Like the stories of these women, the stories of the Sierra Nevada are filled with many dramatic views and swift, slippery, rugged turns, but I think the story of Charley Parkhurst is now my favorite Sierra nugget. Charley was known in the 1800’s in California and the Carson-Truckee-Donner pass areas as an expert, robbery-defying stagecoach driver and world renowned manipulator of the whip – and shockingly, was unmistakably born a woman, as discovered soon after death!
Charlotte/Charley was likely one of the first women to vote in the United States in a national election, 52 years before Congress passed the 19th amendment giving American women the right to vote, on November 3, 1868 – exactly 150 years ago, this November. It is unclear whether Charley/Charlotte would have identified as transgender, non-binary or gender non-conforming, but if they did, they would likely have been the first such individual to vote in the United States national election.
It gives me chills in my elbows to think that, as hundreds of thousands people in our region and beyond receive our ballots over the next two weeks, we have the opportunity to follow in Charlotte/Charley’s footsteps – by casting our solitary, defiant votes to define the next chapter of our nation’s history. But we aren’t solitary, are we? The beauty of democracy is that together we are better than when we are divided; unified, we are stronger than any one individual in office; as a unified groundswell of diverse individuals casting votes, we have power to make real change, the power of the people.
This year’s election is no small matter. With threats to the integrity of our democracy, like foreign hackers, fake news, apathy, and unconstructive fear, it is more important now than ever to keep the power in the hands of the people. We need diversity and compromise and integrity, and we need representatives that will listen. If you haven’t registered to vote, you can do so here. If you are registered to vote, check and update it here, just in case. If you haven’t voted yet, please do so soon and take the time do do your research.

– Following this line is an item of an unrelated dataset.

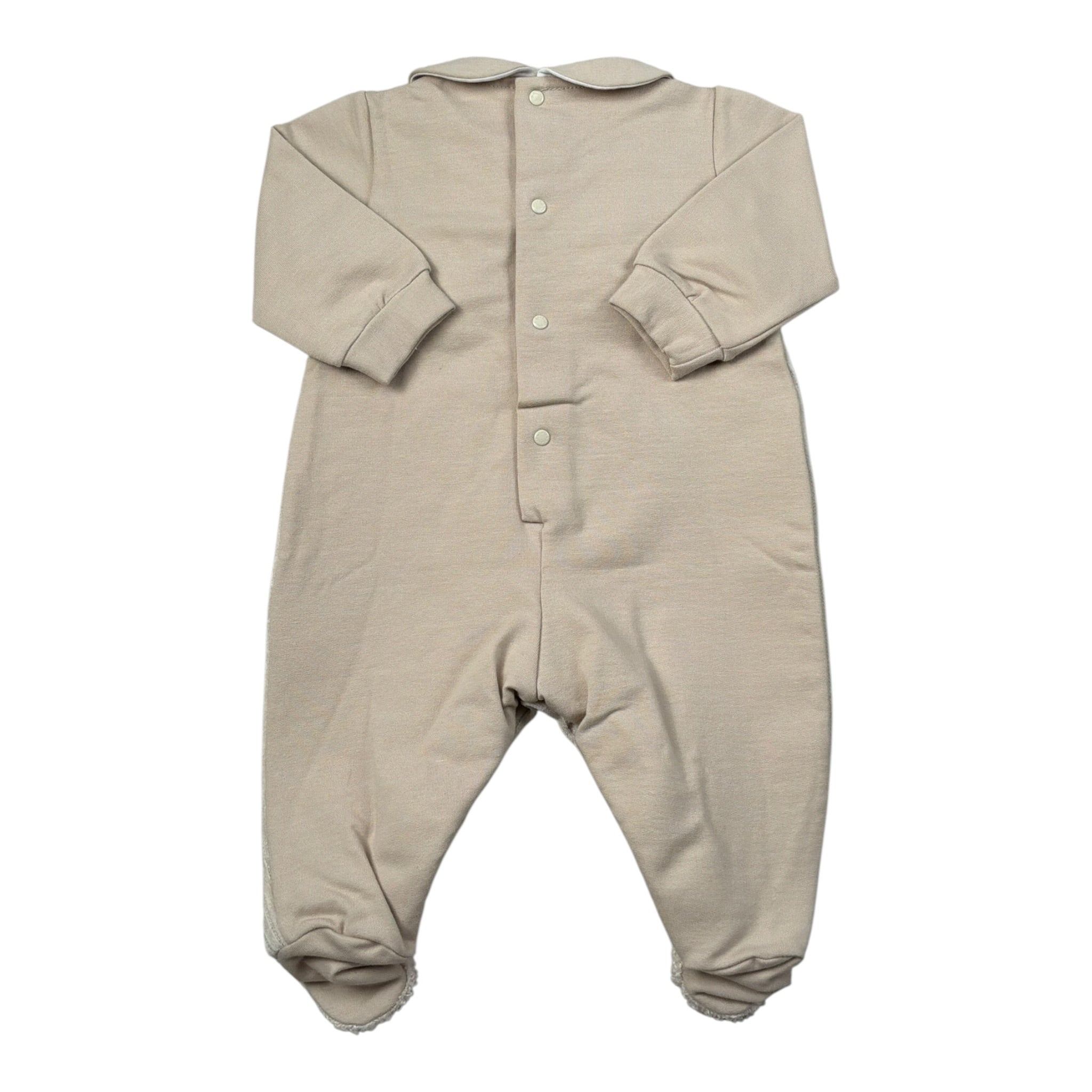 Barcellino Tutina tinta unita con Stampa Beige per Neonato 125101 BEIGE BARCELLINO 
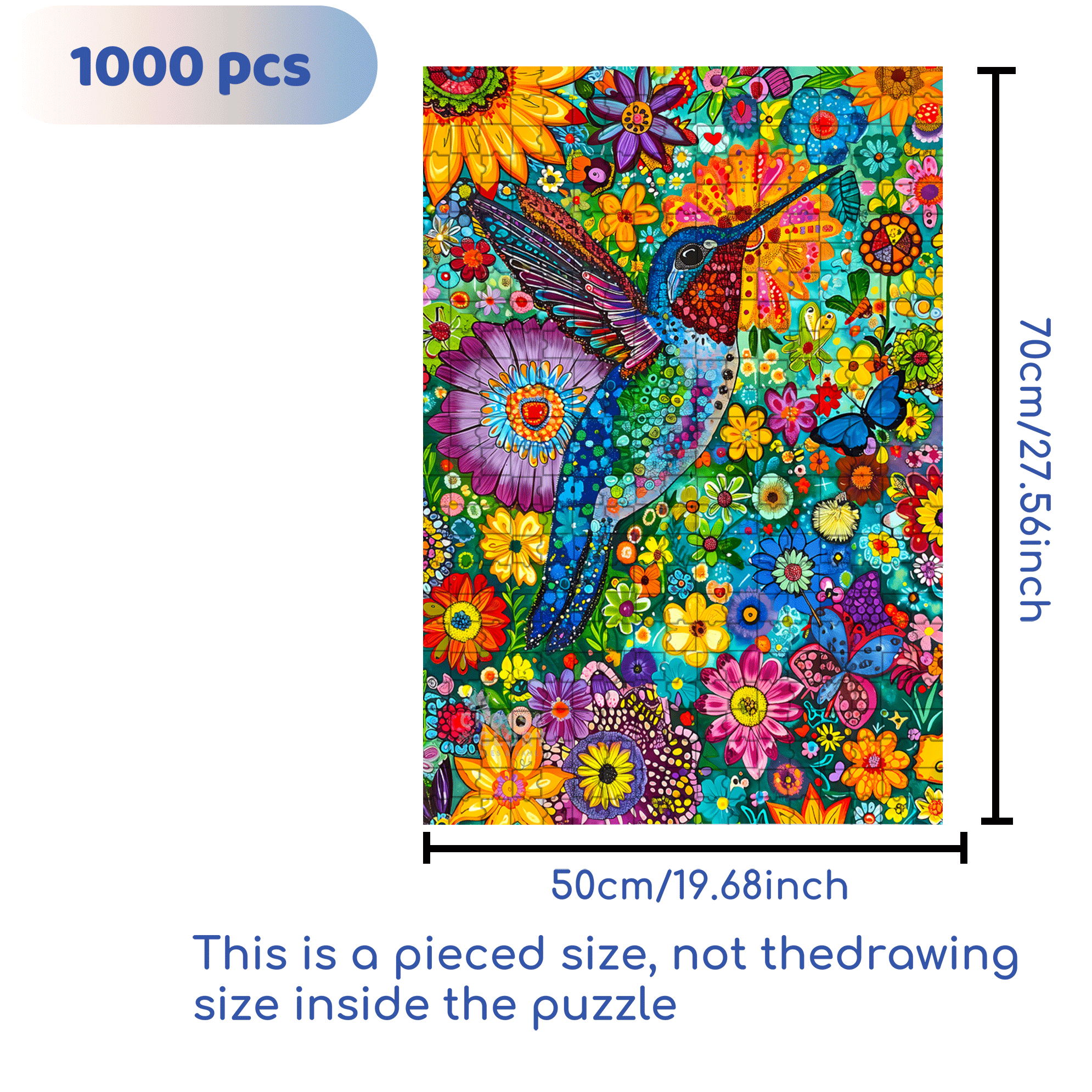 Hummingbird Flower Bed 500pcs/1000pcs Jigsaw Puzzle, Scratch-Resistant, Interactive Family Game & Brain-Boosting DIY Decor, Perfect for Halloween, Christmas & New Year Gifts, Family Puzzle Game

And if you’ve already voted, urge five more friends to register and vote. It is our privilege and power to do so, unlike millions of less empowered peoples around the world.
This November, will you be representing your truth and your hard-won, ever contested United States American privilege by casting your vote?
The story of the American people is the story of underdogs ever turning the tide through the strength of unity and the courage to speak one’s truth in the face of oppressive ideologies. Charlotte/Charley knew, 150 years ago, that through the small individual defiant act of donning the face of a man and casting a vote that they could speak their truth. They chose empowerment and self-actualization over the narrow role that society gave them in order to live the best life they could – and made history in the meantime.
Today I know for sure, and with deep gratitude, that by donning the face of a woman, a Cherokee craftsman, a Filipino immigrant, an Italian banker, the faces of all my ancestors, and with the small sacrifice of a few hours of fact-checking, that I can proudly stand for what I believe in as I am today – all thanks to the individual votes and the small defiant acts of people like Charlotte/Charley Parkhurst.